DATASET SECTION:

________________

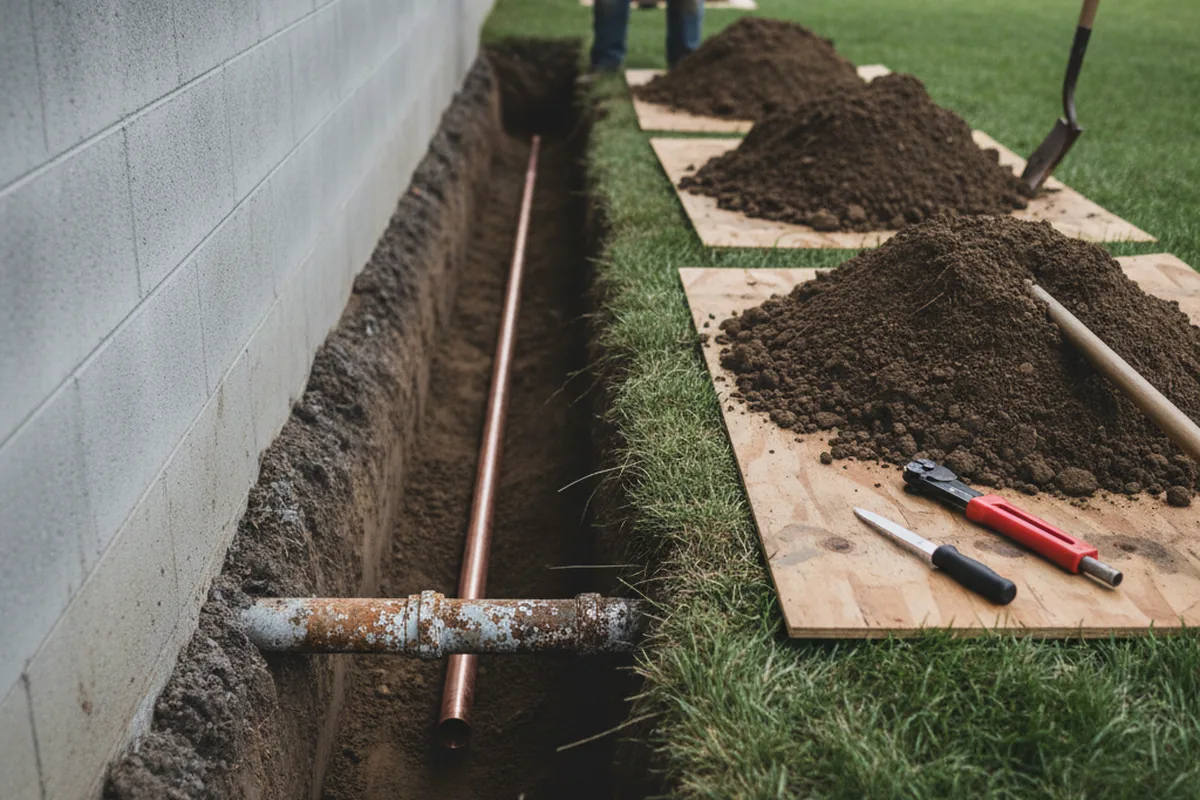 Excavated water line trench during Water Heater Repair in Fleming Island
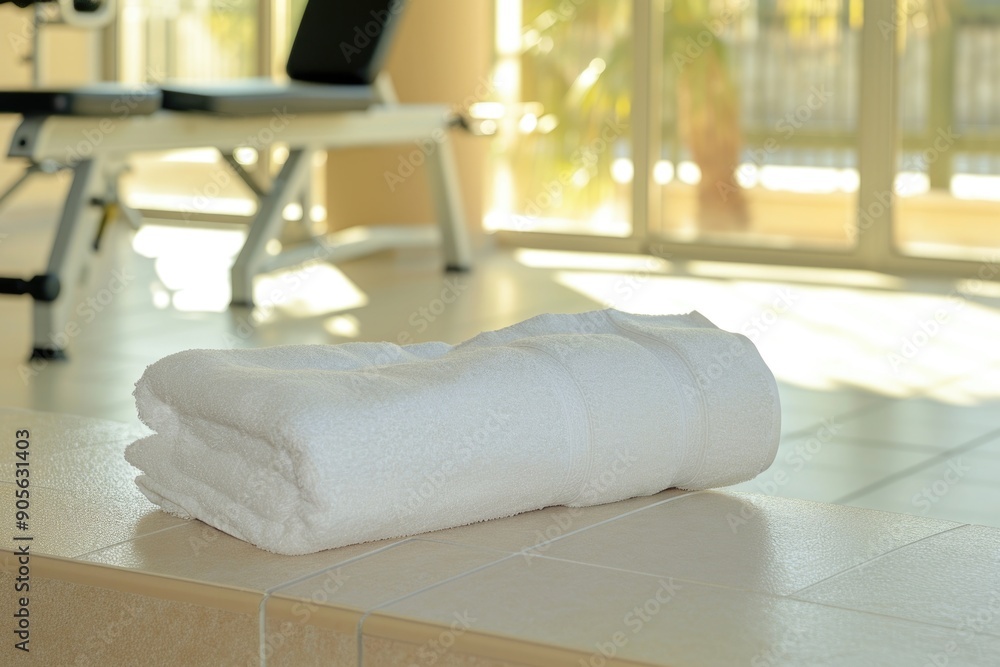 Poster a white towel is laying on a counter in a gym. the towel is folded neatly and is placed on a bench. 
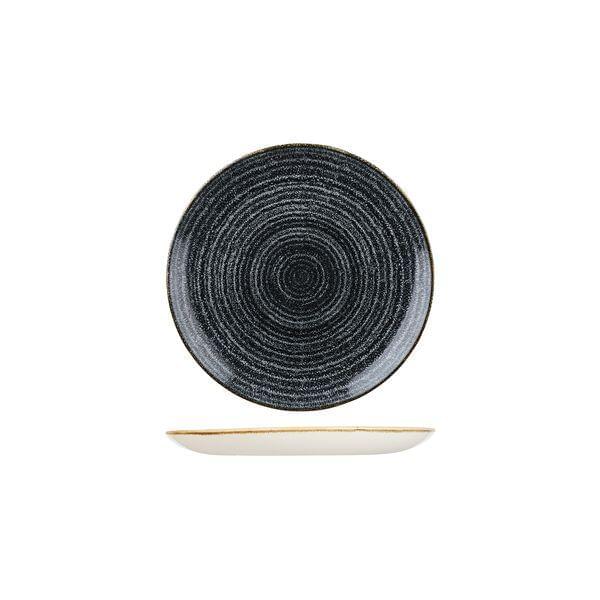 Churchill STUDIO PRINTS HOMESPUN ROUND COUPE PLATE-165mm Ø CHARCOAL BLACK (x12)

________________

WHAT IS NEEDED:
Give the data back exactly, omitting all pictures.

THE ANSWER:
 Excavated water line trench during Water Heater Repair in Fleming Island
 Poster a white towel is laying on a counter in a gym. the towel is folded neatly and is placed on a bench. 
 Churchill STUDIO PRINTS HOMESPUN ROUND COUPE PLATE-165mm Ø CHARCOAL BLACK (x12)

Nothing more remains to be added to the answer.